Dave probably felt like this before he died.

Michael closed his eyes, trying not to think about how hard Dave had been crying before that awful crunch of bone. In the attempt, his mind wandered to what his brother must be feeling now. Was a coma just like being asleep? Was he off in some other plane of existence, waiting for the last connection to his body to be severed before he could move on to heaven? Or was he somehow just paralyzed in that bed, capable of hearing and feeling everything, the way he’d once seen on a TV show? Michael hoped it wasn’t that one. Dave deserved for his last moments of awareness to be without pain or fear. 

On the off chance that Dave was still somewhat conscious though, it clicked in Michael’s mind that this was his only opportunity to apologize to his brother. They would be pulling the plug after this, and then it really would be too late. Maybe, somewhere, somehow, Dave could hear his pleas for forgiveness, and would pass on knowing that Michael didn’t hate him and had never meant for this to happen. He dreaded the thought of feeling the weight of his body again, but he knew he had to do it. 
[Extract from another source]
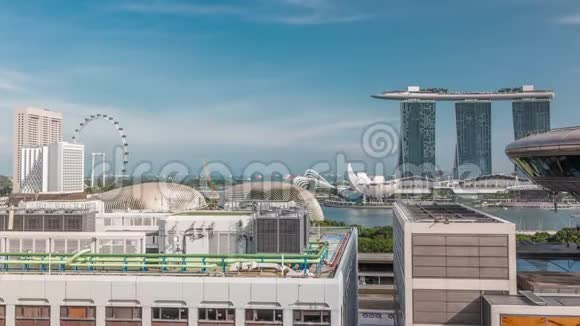 新加坡滨海湾地区的鸟瞰图及其金融和旅游区视频的预览图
The nausea and burning in his chest hit Michael like a ton of bricks. Involuntarily, his lungs opened, gulping in a massive gasp of air that just made the pain worse. Still, Michael noticed the inhale had cleared up his vision. He focused on his fingers, drumming them against the floor, then his hands, then his arms. It was a slow process, but with every muscle he moved, the buzzing slowly calmed down. He doubted his legs were strong enough to carry him yet, so after his lower body proved responsive to his mind, he turned around to face the door, using his shoes to propel him tiny distances until he felt his back hit the hospital bed. Propping his elbows against it, he pulled himself to his knees, facing his baby brother. 

 

“Can you hear me?” He managed to whisper, immediately realizing how stupid of a question that was to ask out loud. Even if Dave could somehow hear him from heaven, or whatever lay beyond the grave, Michael would get no answer. He swallowed hard, trying to keep it together for just a few moments longer. “I– I don’t know if you can hear me.”

As predicted, Dave did not respond. No movement, no indication that he was aware of anything at all. The unshed tears in Michael’s eyes began to fall fast and hot, staining the white hospital blanket with small dark spots. 

“I’m sorry,” He choked out, the words emerging from his lips as more of a sob than a sentence. He tried to form the words again, tried to say the only thing that felt real, but nothing but stuttered cries allowed themselves to form in his throat. The rest of what he wanted to say abandoned, Michael pressed his face against the sheets and clutched his brother’s hand so tightly his knuckles burned. 

For what felt like a decade, he lay against the bed and wept.